Extracted information =>
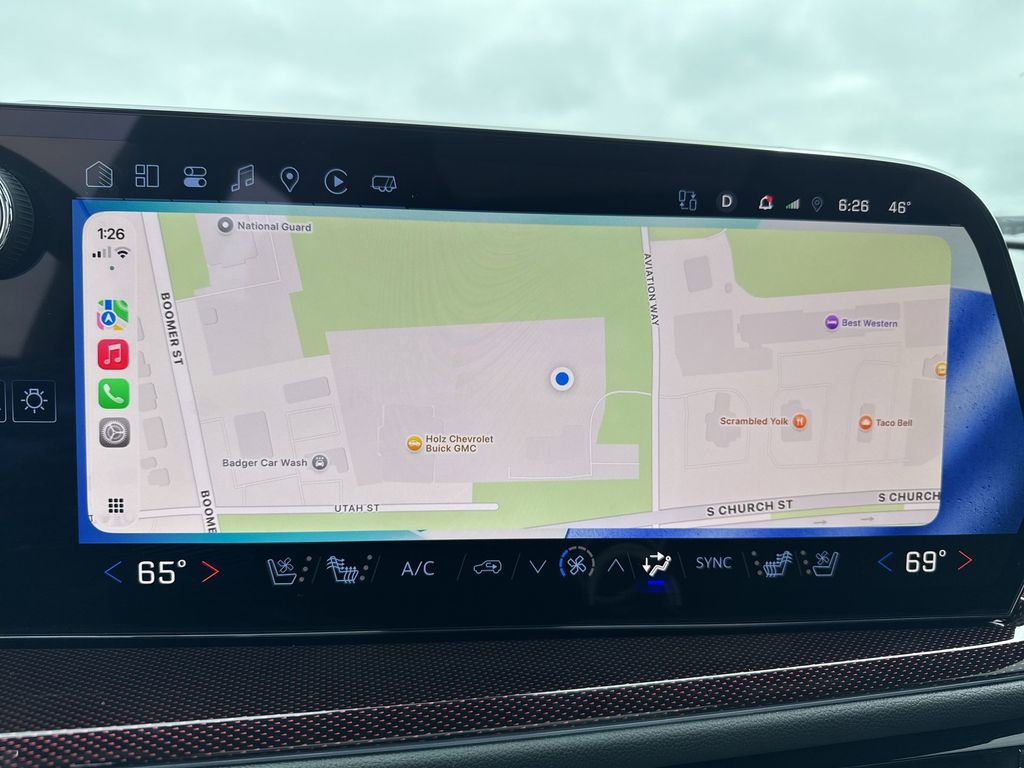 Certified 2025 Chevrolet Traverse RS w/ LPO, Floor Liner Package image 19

* * *

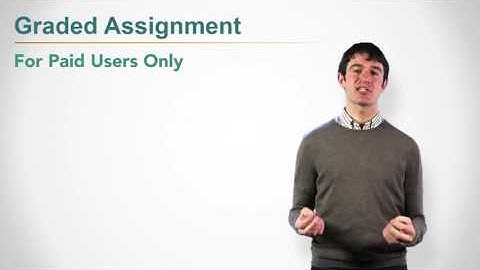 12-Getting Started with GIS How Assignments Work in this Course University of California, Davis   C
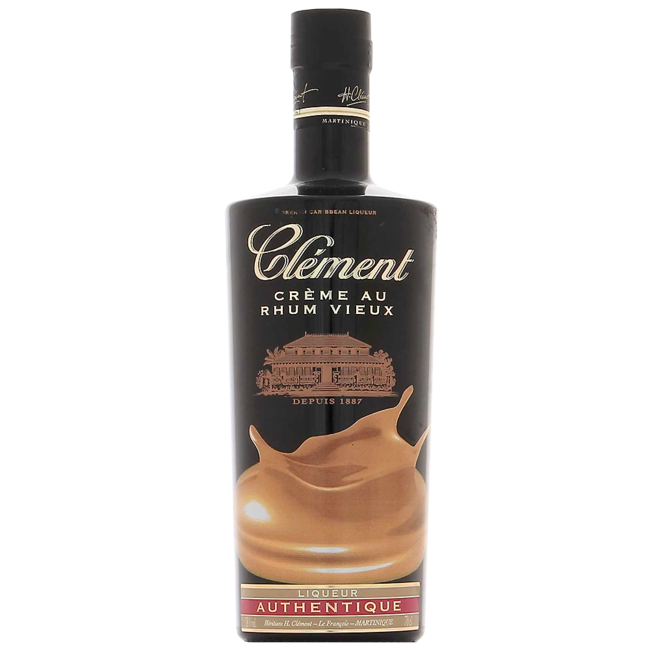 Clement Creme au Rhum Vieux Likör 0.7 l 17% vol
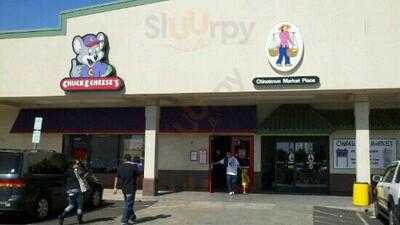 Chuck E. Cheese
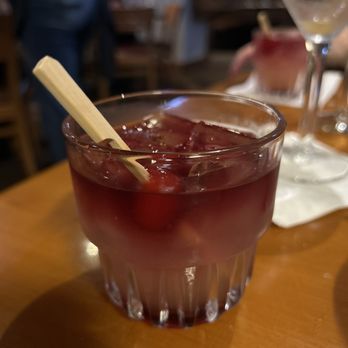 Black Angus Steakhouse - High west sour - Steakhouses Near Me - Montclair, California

--

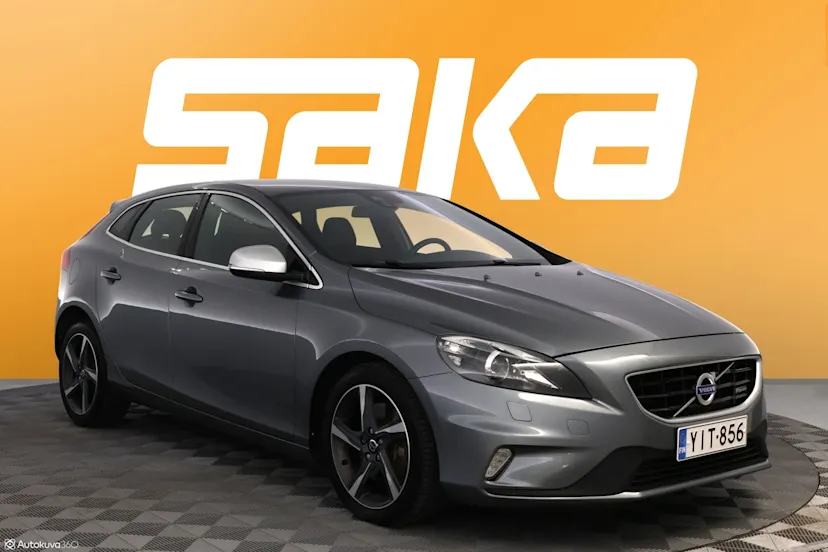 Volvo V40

How to complete this task => Output exactly those lines of the data above that run from the line with "Clement Creme au" up to and including the line with "Black Angus Steakhouse". No pictures go in.

Task solution =>
 Clement Creme au Rhum Vieux Likör 0.7 l 17% vol
 Chuck E. Cheese
 Black Angus Steakhouse - High west sour - Steakhouses Near Me - Montclair, California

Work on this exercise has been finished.